Recent developments brought forth new AMM designs with unique characteristics. For example, supply-sovereign AMMs are promising to overcome the dependence on liquidity providers and the liquidity problem related to adverse selection cost by design. However, we do not provide any analyses for supply-sovereign AMMs. The reason is that to date, to the best of our knowledge, no sufficiently adopted real-world implementation exists.

Future research

Supply-sovereign AMMs seem promising to overcome the dependence of AMMs on liquidity providers. However, supply-sovereign AMMs are not intended to provide a means of exchange for arbitrary assets. Instead, supply-sovereign AMMs are envisioned to control the token supply of cryptoeconomic systems to issue and trade those tokens. By controlling the token supply, supply-sovereign AMMs can overcome the adverse selection cost of liquidity problem by design. This is because the AMM as issuer can guarantee liquidity without depending on external liquidity providers. Supply-sovereign AMMs form the lead market by design, with a market maker guaranteeing liquidity based on their transparent market impact function. In contrast, liquidity provider-based AMMs (e.g., Uniswap v2, Uniswap v3) must follow the lead market, typically located elsewhere due to the rational economic limit of market impact function’s slope. Thereby, liquidity providers on liquidity provider-based AMMs suffer losses from buying and selling tokens at disadvantageous prices to arbitrageurs exploiting price discrepancies between the AMM and the lead market. With supply sovereign AMMs, the previous drawback is resolved in a twofold way. No liquidity providers are averting adverse selection risk and divergence loss, and there is no need to follow an external lead market. This can help to greatly enhance market quality, especially in non-equilibrium conditions.

Due to the principal differences between supply-sovereign AMMs and AMMs with other designs (e.g., Uniswap v2, Uniswap v3) and the lack of supply-sovereign AMMs implementations, a detailed analysis of possible advantages and drawbacks should be better understood in future analyses of influences of supply-sovereign AMMs on market quality. We plan to perform such analyses in subsequent work.

Conclusions

Conventional market making and exchange operations entail risks of low market quality. This can facilitate market manipulation by fraudulent entanglement of exchanges, market makers, and underwriters, harming honest market participants. AMM-based DEXs operating in cryptoeconomic systems seem to tackle those challenges, by employing persistent and transparent market making strategies. However, the extent to which AMMs can help improve market quality compared to conventional market makers is barely understood.

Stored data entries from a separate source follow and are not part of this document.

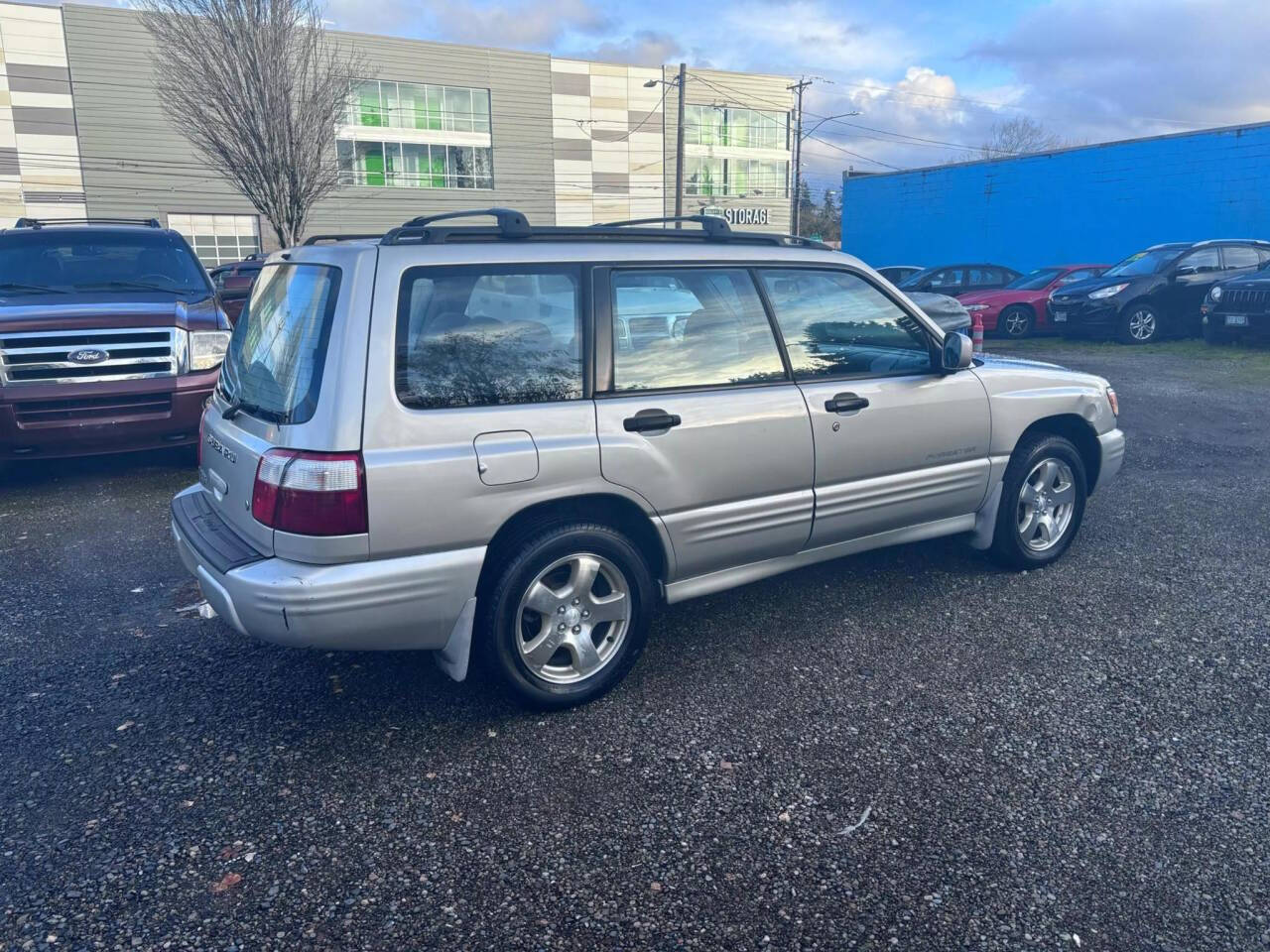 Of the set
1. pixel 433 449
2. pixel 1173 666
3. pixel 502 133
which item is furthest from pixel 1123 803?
pixel 502 133

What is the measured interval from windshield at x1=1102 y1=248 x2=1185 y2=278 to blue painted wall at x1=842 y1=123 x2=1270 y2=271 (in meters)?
7.55

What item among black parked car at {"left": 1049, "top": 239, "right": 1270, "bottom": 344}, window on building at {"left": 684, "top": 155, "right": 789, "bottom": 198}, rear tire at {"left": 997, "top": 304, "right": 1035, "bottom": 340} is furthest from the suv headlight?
window on building at {"left": 684, "top": 155, "right": 789, "bottom": 198}

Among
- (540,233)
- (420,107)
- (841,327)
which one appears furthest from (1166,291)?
(420,107)

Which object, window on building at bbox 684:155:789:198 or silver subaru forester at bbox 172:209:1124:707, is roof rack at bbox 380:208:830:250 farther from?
window on building at bbox 684:155:789:198

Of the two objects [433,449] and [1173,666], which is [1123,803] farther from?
[433,449]

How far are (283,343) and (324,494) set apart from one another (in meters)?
0.78

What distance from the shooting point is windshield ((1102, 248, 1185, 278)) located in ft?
51.8

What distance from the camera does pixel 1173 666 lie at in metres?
3.82

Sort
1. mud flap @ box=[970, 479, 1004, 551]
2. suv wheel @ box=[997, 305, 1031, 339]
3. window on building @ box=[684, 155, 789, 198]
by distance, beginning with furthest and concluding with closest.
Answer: window on building @ box=[684, 155, 789, 198] → suv wheel @ box=[997, 305, 1031, 339] → mud flap @ box=[970, 479, 1004, 551]

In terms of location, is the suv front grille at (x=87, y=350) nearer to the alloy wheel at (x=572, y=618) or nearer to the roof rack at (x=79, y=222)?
the roof rack at (x=79, y=222)

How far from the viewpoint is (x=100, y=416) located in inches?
255

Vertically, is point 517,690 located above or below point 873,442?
below

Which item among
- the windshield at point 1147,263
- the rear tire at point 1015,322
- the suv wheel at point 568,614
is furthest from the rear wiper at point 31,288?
the windshield at point 1147,263

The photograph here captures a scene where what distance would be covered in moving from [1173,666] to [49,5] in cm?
4704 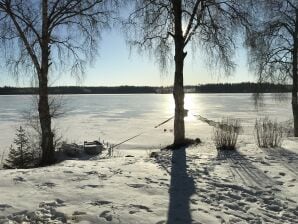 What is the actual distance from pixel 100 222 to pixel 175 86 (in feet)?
27.2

Drawing from finance literature on market microstructure, we developed a formal price model and an analysis concept for market quality. The analysis concept allows to analyze and understand the influence of market makers on market quality in cryptoeconomic systems.

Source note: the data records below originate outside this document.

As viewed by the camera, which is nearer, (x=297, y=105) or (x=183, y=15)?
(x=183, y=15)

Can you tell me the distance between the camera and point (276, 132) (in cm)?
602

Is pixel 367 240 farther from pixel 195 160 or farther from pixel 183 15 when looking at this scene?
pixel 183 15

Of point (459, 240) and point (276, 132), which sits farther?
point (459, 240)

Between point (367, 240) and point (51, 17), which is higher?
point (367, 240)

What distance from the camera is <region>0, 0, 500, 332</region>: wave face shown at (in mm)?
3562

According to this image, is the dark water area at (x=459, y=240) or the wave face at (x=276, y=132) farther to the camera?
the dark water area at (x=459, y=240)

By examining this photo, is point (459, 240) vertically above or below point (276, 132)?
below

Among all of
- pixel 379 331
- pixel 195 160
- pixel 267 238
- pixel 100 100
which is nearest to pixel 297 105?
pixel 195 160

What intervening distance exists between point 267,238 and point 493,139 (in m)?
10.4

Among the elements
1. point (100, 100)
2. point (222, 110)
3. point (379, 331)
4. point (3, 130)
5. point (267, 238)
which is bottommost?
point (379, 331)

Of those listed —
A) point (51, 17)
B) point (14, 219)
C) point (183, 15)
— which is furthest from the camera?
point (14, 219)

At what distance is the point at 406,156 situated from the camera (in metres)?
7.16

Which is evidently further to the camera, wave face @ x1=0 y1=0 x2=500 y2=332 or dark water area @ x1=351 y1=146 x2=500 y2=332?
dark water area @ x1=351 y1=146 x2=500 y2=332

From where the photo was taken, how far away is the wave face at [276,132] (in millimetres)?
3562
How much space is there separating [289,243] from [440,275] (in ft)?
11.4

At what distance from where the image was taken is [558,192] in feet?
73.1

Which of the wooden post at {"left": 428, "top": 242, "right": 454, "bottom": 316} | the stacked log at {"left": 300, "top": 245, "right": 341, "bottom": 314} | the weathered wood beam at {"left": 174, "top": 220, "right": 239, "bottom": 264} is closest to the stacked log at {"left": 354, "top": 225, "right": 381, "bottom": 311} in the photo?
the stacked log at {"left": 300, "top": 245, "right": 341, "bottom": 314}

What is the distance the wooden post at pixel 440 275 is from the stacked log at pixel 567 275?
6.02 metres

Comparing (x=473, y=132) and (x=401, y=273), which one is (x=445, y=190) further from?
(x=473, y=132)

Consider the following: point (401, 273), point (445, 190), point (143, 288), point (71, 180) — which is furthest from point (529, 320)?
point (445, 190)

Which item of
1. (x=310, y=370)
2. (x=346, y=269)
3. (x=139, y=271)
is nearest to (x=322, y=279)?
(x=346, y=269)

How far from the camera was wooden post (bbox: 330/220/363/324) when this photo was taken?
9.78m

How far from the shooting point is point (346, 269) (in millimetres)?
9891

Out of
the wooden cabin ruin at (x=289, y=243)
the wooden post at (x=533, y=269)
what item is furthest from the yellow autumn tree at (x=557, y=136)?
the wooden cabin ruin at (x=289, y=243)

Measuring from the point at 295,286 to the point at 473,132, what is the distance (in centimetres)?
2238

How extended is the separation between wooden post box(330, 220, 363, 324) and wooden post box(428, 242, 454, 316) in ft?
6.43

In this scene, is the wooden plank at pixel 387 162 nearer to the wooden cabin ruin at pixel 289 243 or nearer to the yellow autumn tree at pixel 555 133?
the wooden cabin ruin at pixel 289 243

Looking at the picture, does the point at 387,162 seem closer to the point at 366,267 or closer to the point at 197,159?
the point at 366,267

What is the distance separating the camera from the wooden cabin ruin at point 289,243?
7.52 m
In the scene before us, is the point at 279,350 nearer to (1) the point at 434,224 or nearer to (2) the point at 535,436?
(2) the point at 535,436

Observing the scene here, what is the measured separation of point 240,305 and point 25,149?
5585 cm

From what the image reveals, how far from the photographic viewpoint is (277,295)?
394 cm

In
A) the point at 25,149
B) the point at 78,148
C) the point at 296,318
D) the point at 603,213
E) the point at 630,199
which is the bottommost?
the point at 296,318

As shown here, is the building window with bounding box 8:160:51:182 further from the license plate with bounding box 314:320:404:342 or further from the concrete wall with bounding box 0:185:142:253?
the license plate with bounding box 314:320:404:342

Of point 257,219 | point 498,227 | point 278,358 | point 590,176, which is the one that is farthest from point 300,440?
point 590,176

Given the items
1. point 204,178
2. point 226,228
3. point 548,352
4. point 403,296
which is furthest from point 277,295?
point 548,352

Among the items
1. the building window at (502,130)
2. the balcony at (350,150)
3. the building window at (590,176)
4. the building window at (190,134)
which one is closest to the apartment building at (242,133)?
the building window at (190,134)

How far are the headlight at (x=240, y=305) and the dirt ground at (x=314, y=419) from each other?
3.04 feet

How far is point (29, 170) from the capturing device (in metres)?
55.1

We show that, depending on AMM designs, AMMs operated in DEXs have the potential to provide CEX-competitive market quality. However, the problem of low market quality due to the significant removal of liquidity in non-equilibrium conditions remains unsolved. The root cause of liquidity removal lies in adverse selection costs that strongly influence the economic sustainability of market making strategies. Considering fundamental economic principles, it seems plausible that these drawbacks will not be overcome with approaches for which adverse selection costs of liquidity are a major concern.

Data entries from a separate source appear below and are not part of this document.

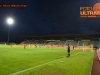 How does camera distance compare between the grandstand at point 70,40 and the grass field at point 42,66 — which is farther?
the grandstand at point 70,40

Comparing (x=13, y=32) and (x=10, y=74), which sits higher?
(x=13, y=32)

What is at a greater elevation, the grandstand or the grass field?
the grandstand

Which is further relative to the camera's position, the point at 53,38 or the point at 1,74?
the point at 53,38

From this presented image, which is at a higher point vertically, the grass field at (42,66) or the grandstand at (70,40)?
the grandstand at (70,40)

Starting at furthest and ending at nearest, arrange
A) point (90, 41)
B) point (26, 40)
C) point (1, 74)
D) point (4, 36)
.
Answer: point (4, 36) → point (26, 40) → point (90, 41) → point (1, 74)

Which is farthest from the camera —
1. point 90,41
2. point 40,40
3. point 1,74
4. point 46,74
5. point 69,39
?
point 40,40

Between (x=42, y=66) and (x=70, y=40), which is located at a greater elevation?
(x=70, y=40)

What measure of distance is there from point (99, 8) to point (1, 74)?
48.3 meters

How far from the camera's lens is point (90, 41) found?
7994 cm

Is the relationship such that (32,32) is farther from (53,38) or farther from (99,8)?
(99,8)

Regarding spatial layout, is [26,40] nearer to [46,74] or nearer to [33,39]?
[33,39]

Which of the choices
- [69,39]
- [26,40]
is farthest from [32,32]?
[69,39]

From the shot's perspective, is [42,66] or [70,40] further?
[70,40]

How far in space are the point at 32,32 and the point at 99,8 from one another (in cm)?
7522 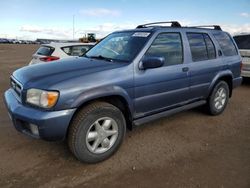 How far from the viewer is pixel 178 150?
3.87 meters

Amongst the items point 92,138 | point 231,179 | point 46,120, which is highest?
point 46,120

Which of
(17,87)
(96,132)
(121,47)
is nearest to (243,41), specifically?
(121,47)

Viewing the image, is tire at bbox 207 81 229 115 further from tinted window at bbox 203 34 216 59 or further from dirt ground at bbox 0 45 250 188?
tinted window at bbox 203 34 216 59

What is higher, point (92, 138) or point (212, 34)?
point (212, 34)

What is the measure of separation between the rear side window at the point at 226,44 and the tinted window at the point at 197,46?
55 cm

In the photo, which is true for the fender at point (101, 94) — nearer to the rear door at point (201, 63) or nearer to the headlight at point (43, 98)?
the headlight at point (43, 98)

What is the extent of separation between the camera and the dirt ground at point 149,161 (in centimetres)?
307

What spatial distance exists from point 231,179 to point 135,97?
1.62 metres

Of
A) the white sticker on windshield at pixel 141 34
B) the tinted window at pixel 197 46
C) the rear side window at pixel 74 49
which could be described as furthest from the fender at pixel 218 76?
the rear side window at pixel 74 49

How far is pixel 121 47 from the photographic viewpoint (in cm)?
421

Supply-sovereign AMMs focus on the issuance and trading of own tokens of cryptoeconomic systems, while the AMM controls the supply. Supply-sovereign AMMs eliminate dependence on liquidity providers. This can help overcome the liquidity problem related to adverse selection cost by design. Thus, supply-sovereign AMMs are promising to become state of the art for new projects that envision keeping sovereignty over their tokens and offer markets with high liquidity and market quality. This can be regarded as well aligned with the core idea of cryptoeconomic systems to create decentralized, self-sovereign systems without the need for central authorities.